Otto Akama

The Common Law Lawyers strike going on for a month now has generated so much support that various sectors within Anglophone Cameroon are gradually coming on board. Otto Akama, from the tech community in Cameroon basically known as the Silicon Mountain with headquarters in Buea has added their voice. This is contained in a short memo sent by Mr. Otto Akama to BaretaNews. He wrote:

Guys let us stay positive. Everyone’s positivity counts.

The Anglophone community has been deeply disrespected in a series of steps. In order to succeed, a lot of leadership is needed.

It’s neither about the lawyers nor teachers.

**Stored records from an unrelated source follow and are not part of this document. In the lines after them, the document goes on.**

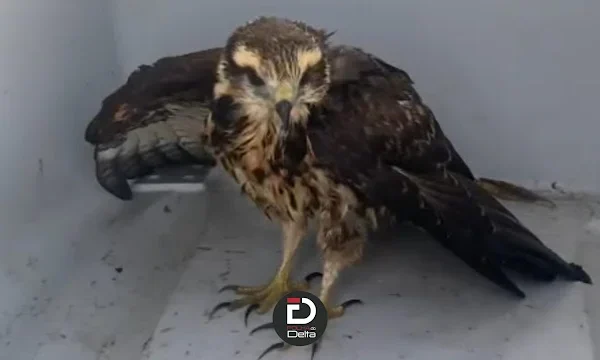 Gavião ferido é resgatado na Praia de Atalaia, em Luís Correia.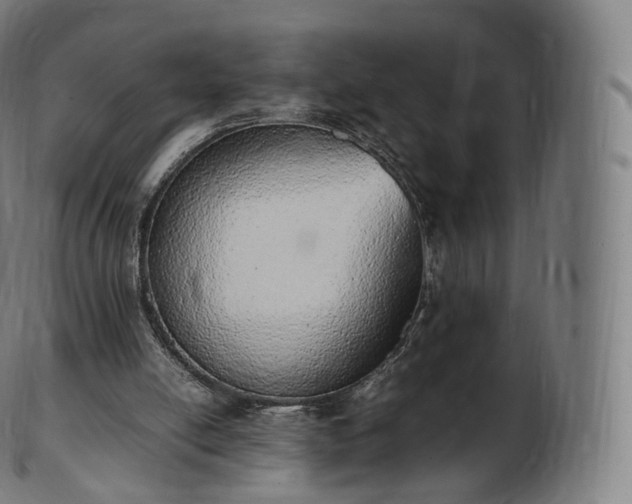 X0000103330054200809121219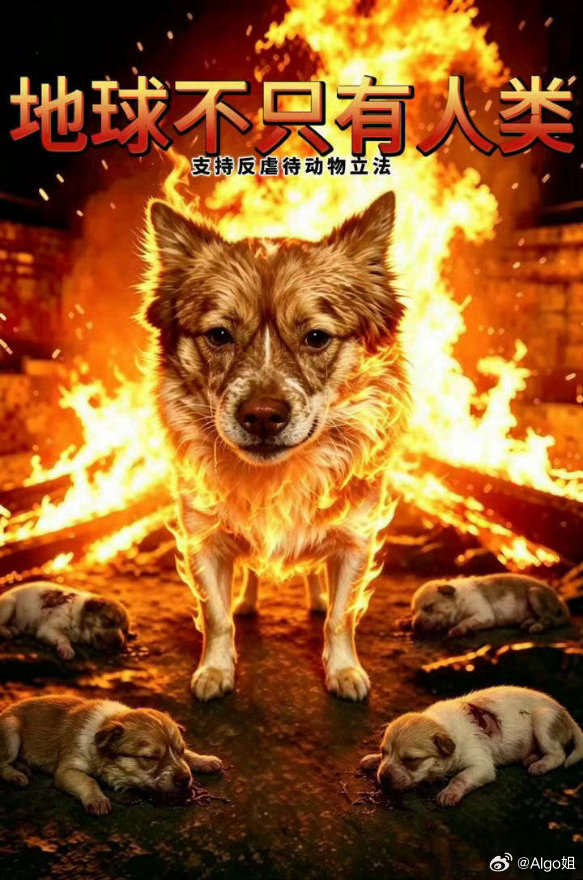地球不只有人类，地球也不只属于精英！反对虐杀 反对任何反人类的极端行为 关联阅读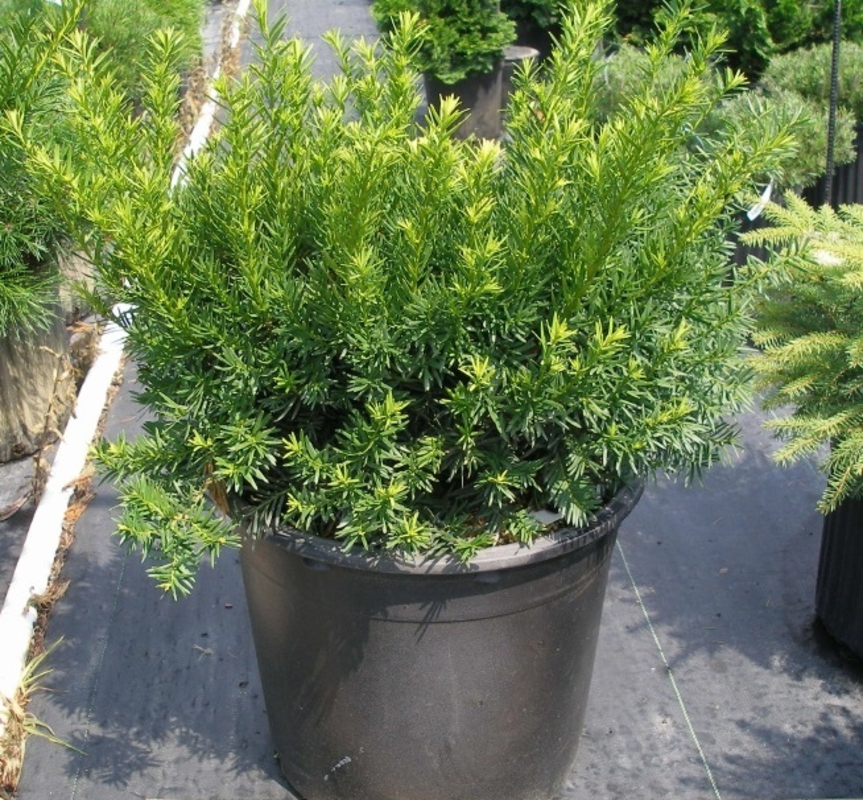 Тис средний Фейрвью (Taxus x media 'Fairview')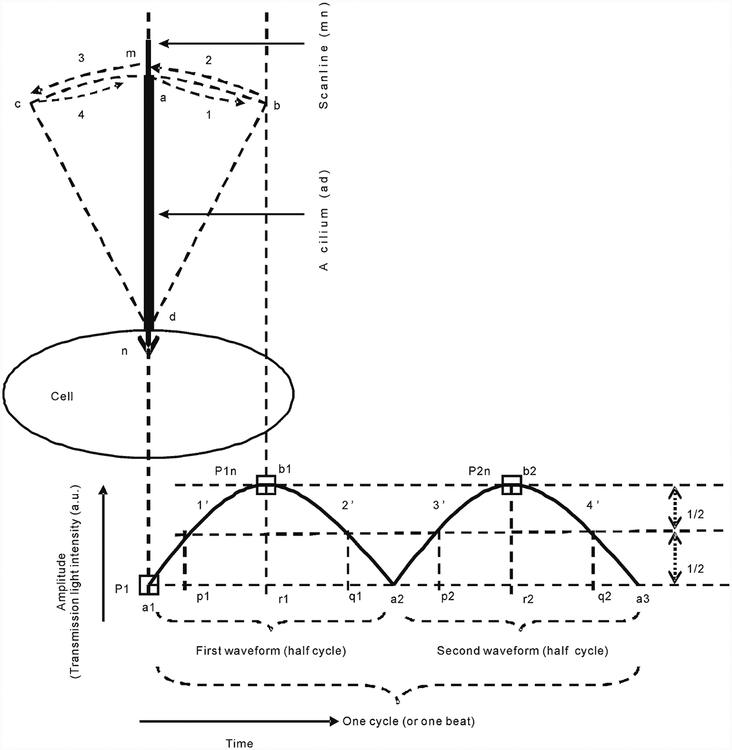 Fig. 1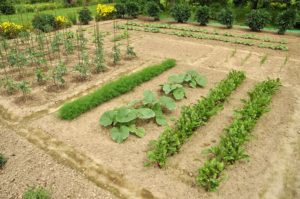 Vegetable Crop Yields, Plants per Person, and Crop Spacing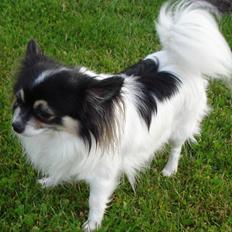 Chihuahua Laban/Dyrlægegårdens Thor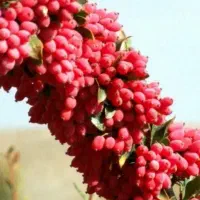فروش زرشک در افوس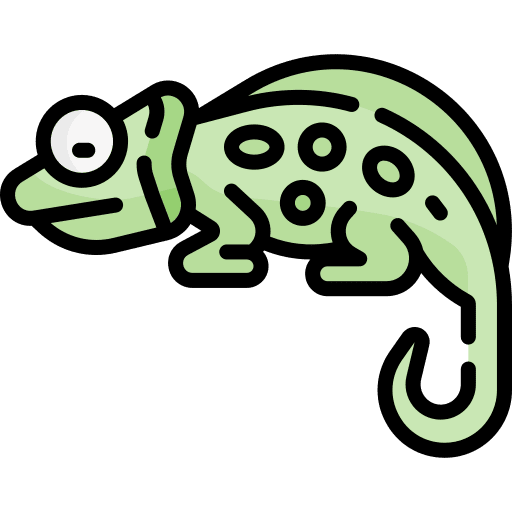 Chameleon wild life animals zoo icon Chameleon wild life animals zoo icon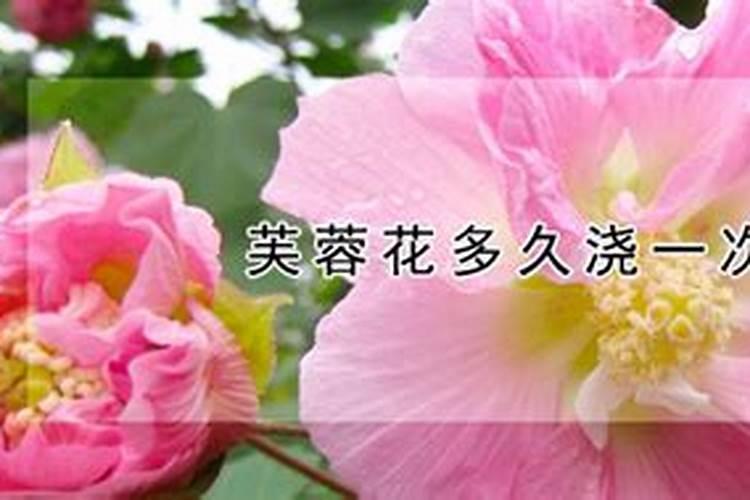芙蓉花怎么施肥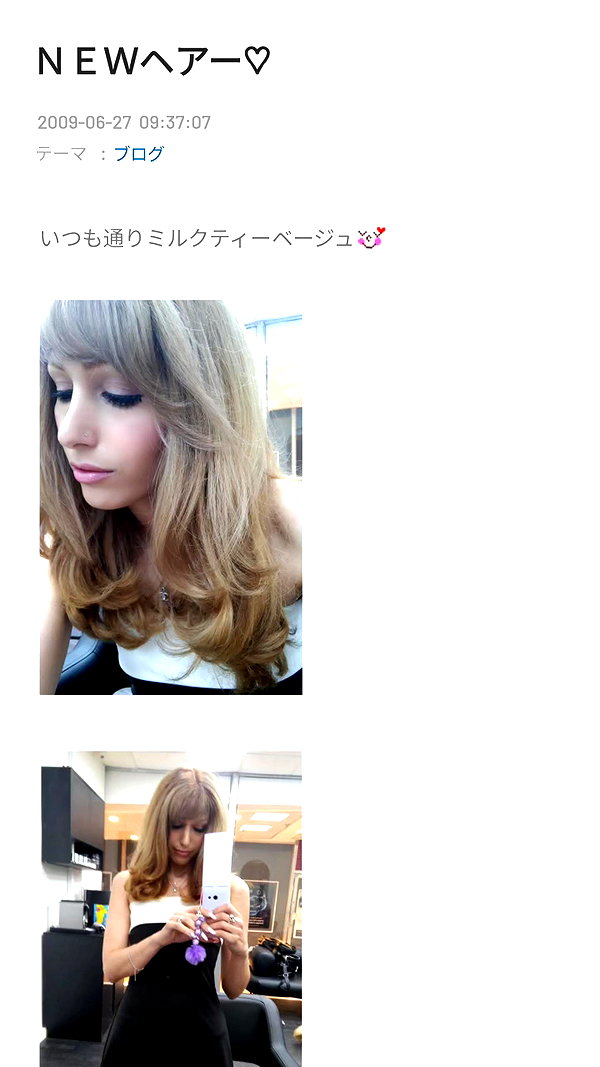 piyokoblog archive image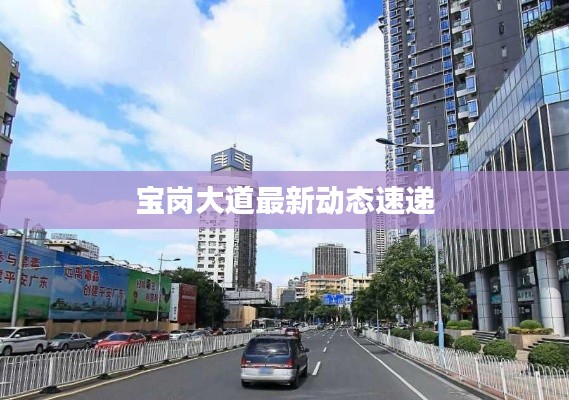 宝岗大道最新动态速递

It’s about us all and for those who think it’s an Anglophone problem, remember that it is the same way the youth community is being toasted around and it is the same way the black community in America is being toasted around.

The real thing we are doing here is to build a culture of standing up tall when we feel oppressed and also standing up for others.

 

It’s not an issue of single instances, the fear of the police or the fear that we will not win. It’s an attitude issue. Not standing up is called cowardice.
For the fight, let’s do it for our brothers and sisters. There’s no guarantee of success. But not trying is a failure. However, the real battle is the battle within. Each time we shy away from a fight, the coward in us grows bigger, and it begins to reflect the quality of our lives. Cowardice never hides. Let’s be brave. If we lose in bravery, we will become stronger.

 

If you don’t fight against oppression, there’s no other way, you will depreciate, run away from your country, beg for jobs, beg for justice and grow old in that way.

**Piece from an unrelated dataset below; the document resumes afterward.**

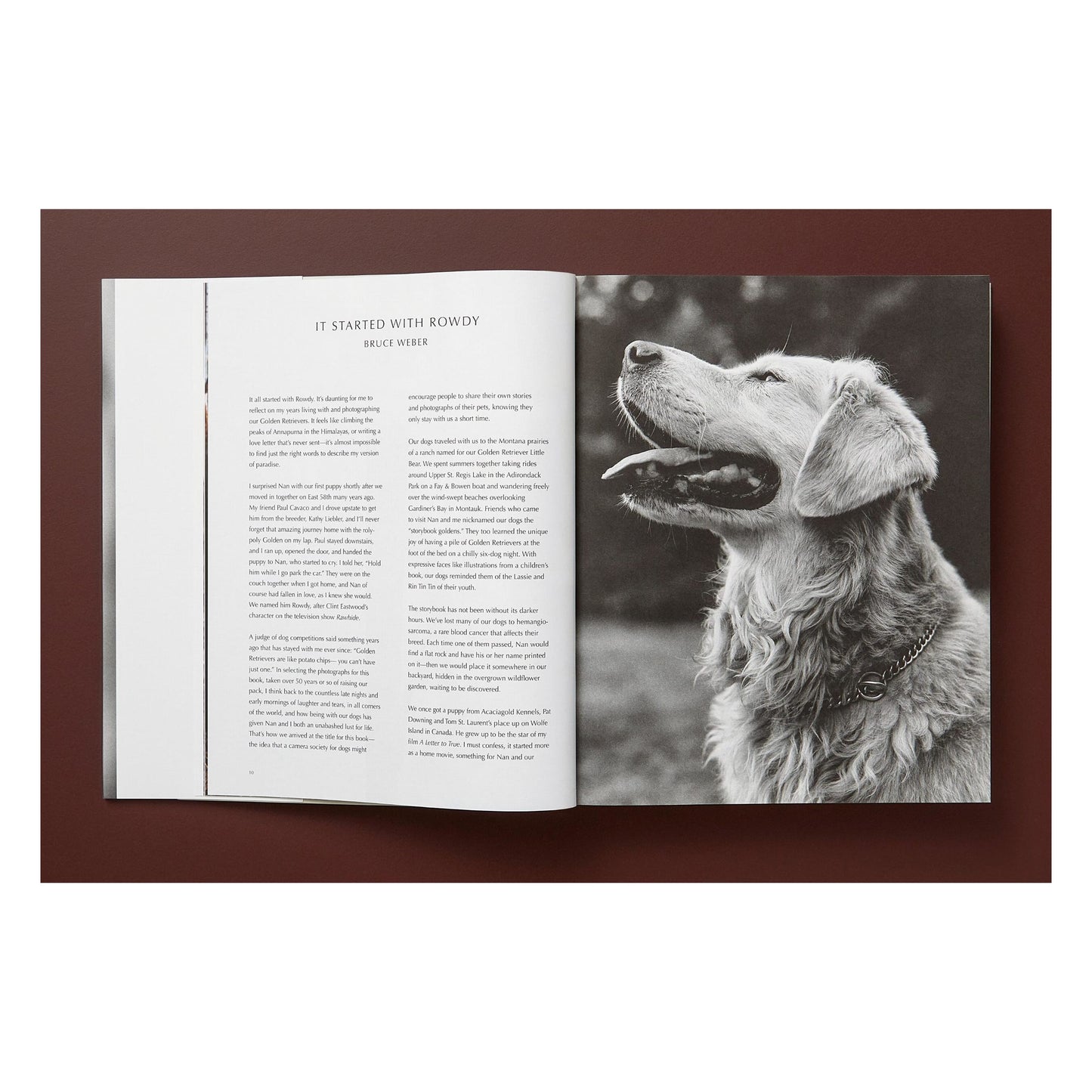 Bruce Weber. The Golden Retriever Photographic Society. Art Edition No. 1–100 ‘Little Bear Ranch, Montana, 1996’ (German, French, English) (SA)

Now, even if you shy away and the fighters succeed. After the struggle, winners share opportunities, but cowards just change the person they were begging from. It is your place to choose what you want to be. If you don’t want to fight, just stay. Begging is not that bad. It might just suit you. We all must stand up

1 comment
  1. Anglophone Cameroonians’ Synergy

    All Anglophone Cameroonians wherever they may be, should for no reason whatsoever, succumb to their gross injustice and their overshadowing discrimination, marginalisation, assimilation and subjugation by Francophone Cameroonians occupying 96% of the top-ranking positions in the country ranging from Ministers to Directors, and Heads of Corporations to Chiefs of Services. This is that divine-appointed moment for us to put our previous observations, findings, analyses and hypotheses together into a final conclusion – that for more than half a century, we have been a degraded, dejected and depleted people. That we have been a people with no voice, no rights, no dignity and no future – missing in the abyss of a grinding mill called our country.

    If in the midst of these crucial circumstances, a great people with a common cultural and linguistic heritage are thus treated with broad daylight malignance, resentfulness, partiality and bias, if they are thus regarded as third class citizens and not given equal opportunities in all the sectors of the economy, of the judiciary and along the artistic and educational boulevard, then, they are therefore being reminded (either verbally or non-verbally) that they have been at the beck and call of a country to which they don’t belong by right of birth and of inheritance. They are thus being reminded; intrinsically, that they should form their own country because their supposed managers are either incompetent to manage them, or they are tired of mismanaging them.

    In what fatigable enterprise does it consist in forming a country? Nothing too demanding to frighten the cavalcade of classically learned Anglophone Cameroonians resident at home and in the diaspora. Just a Constitution which can be written in a fortnight. What else? The land is there in its bounty richness and vastness. The human and natural resources are there like aquatic life in the Atlantic Ocean. Anglophone Cameroonians count among the most renowned and influential African intellectuals of all time. Professor Bernard Nso-Kika Fonlon and Professor Anoma Ngu Victor of blessed memories were scholarly icons of astounding celebrity to reckon with. Someone or some people somewhere putting on pseudo-academic gabardines should not make the regrettable mistake of their lives to treat Anglophone Cameroonians like stark illiterates who don’t know who they are, where they come from, and where they are going. This, above any crime ever committed against humanity, should not touch Anglophone Cameroonians. Worst of all, it should not touch me. Else, I will take it as a personal assault. And deal with it unswervingly, unwaveringly, unamicably, and unpardonably.

    Nkwetatang Sampson Nguekie
    Pupil of Plato,
    Pen Fellow of the Magnolian Academy.